In short, a vital aspect of the value added by religious organizations in the area of service delivery—an aspect specifically protected by institutional religious freedom—is that they often provide services differently: education that includes religious components; day care that incorporates religious stories and prayer time, and mirrors the values of parents of a particular faith; drug treatment that adds a spiritual dimension to medical treatment and psychological help; services for the homeless that not only provide emergency sleeping provisions, food, and job-search help but that also work creatively to reconnect homeless people with their families; and many others.

Institutional Religious Freedom

Religious freedom for organizations is similar to religious freedom for individuals, yet it is, in some ways, distinct. Institutional religious freedom can even, on occasion, appear to be in direct conflict with individual religious freedom. This is because, for an organization to be distinct in some way—for example, to stand consistently and strongly for animal rights—it may need every employee, or at least all key employees, to uphold that distinctive stance, with the result that persons with different views simply are not hired, even though they are otherwise well-qualified.

Indeed, that is PETA’s employment policy. As an organization with “uncompromising stands on animal rights,”it requires its media spokespersons, fundraisers, and the directors of its public campaigns to be consistently vegan.This should be no surprise: why would anyone take seriously PETA’s belief that it is morally wrong to eat animals if its prominent leaders dine at Ruth’s Chris Steakhouse or Five Guys? Similarly, many religious organizations only hire people who profess and live consistently with the religious convictions that guide the organization: Catholics who follow church teachings about abortion, Evangelicals who accept the traditional teaching about marriage, Jews who observe kosher practices.

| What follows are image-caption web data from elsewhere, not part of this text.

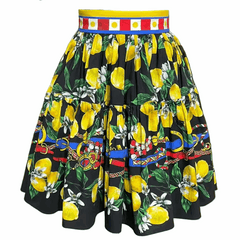 Sicilian Lemons Cotton Knee Length Skirt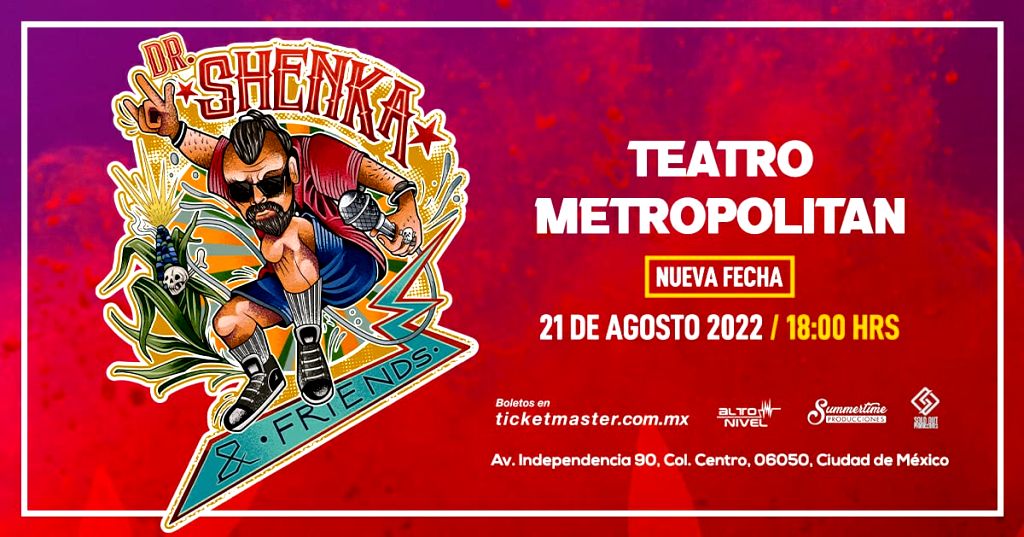 El Show de Dr. Shenka de Panteón Rococo and Friends llega al Teatro Metropolitan el domingo 21 de agosto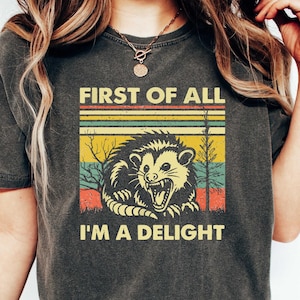 Comfort Colors® Retro Allereerst I&#39;m A Delight Sarcastic Opossum Lover Shirt, Comfort Funny Animal Lover T-shirt, uniek cadeau Opossum Lovers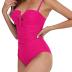 Upopby Women's Bandeau One Piece Swimsuits Tummy Control Bathing Suit for Women Strapless Slimming Push Up Plus Size Swimwear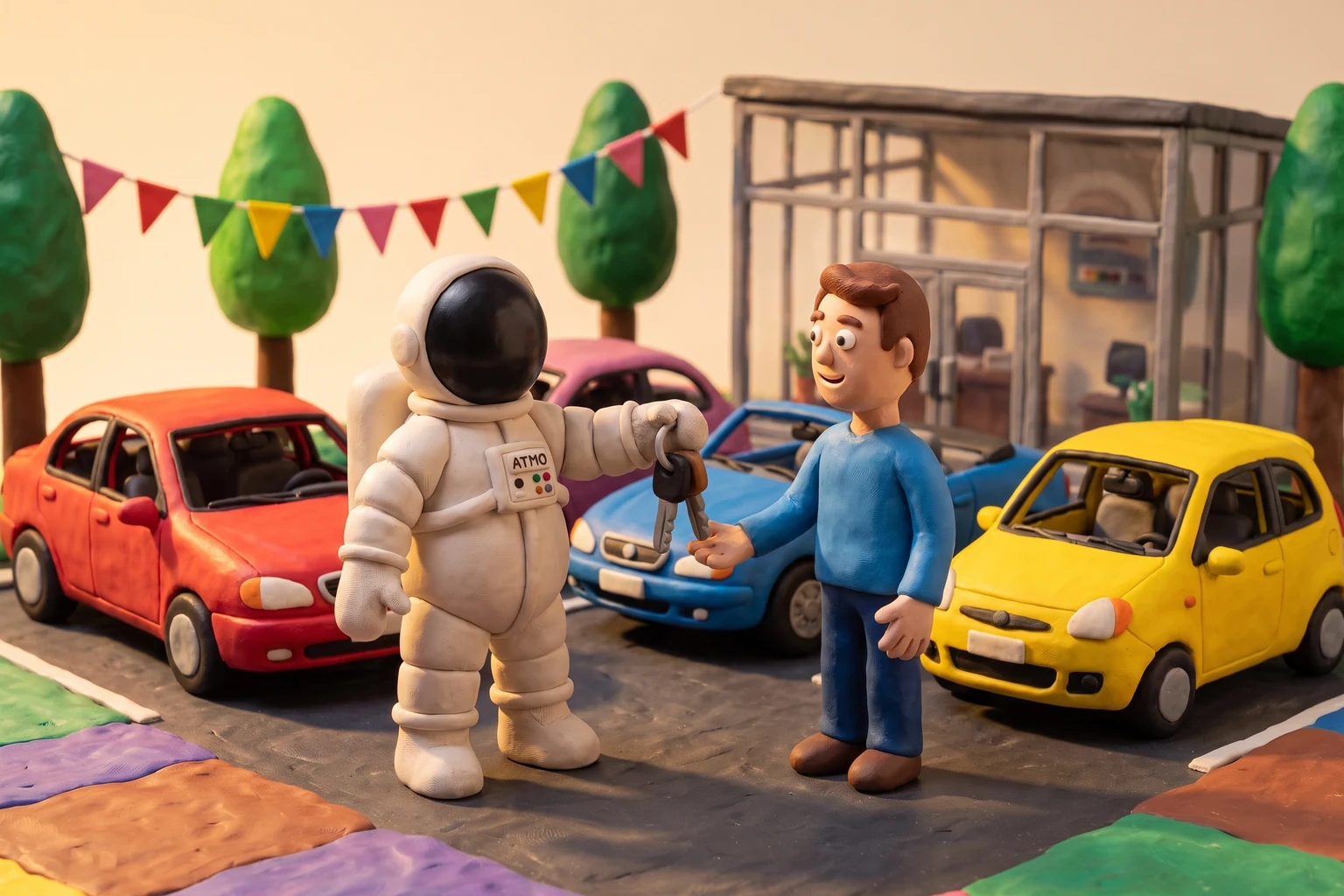 Illustration en pâte à modeler d'un cosmonaute négociant remettant les clés d'une voiture à un client, devant un parc de véhicules colorés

By being religiously selective—or “discriminatory”—in who they hire, these organizations ensure that their personnel embody, rather than conflict with, the organization’s mission and message. They make it more likely for employees to approach planning and decision-making with common values. They even make it possible for the workplace itself to be a form of spiritual community. And while an organization with a religion-based (or vegan-based) employment policy certainly excludes some otherwise suitable employees, the existence of distinctive organizations is a positive good for both employees and people seeking services: when there are diverse organizations, diverse job-seekers are more likely to find a compatible workplace; and diverse customers, patients, and students are more likely to find the particular services and assistance they need and most value.

Excerpted from Stanley Carlson-Thies, “Free to Serve: Safeguarding Churches and Ministries as They Contribute to Justice and the Common Good,” in Art Lindsley & Anne R. Bradley, eds., Set Free: Restoring Religious Freedom for All (Abilene Christian University Press, 2019), pp. 210-240 (footnotes deleted). ©2019. Used by permission.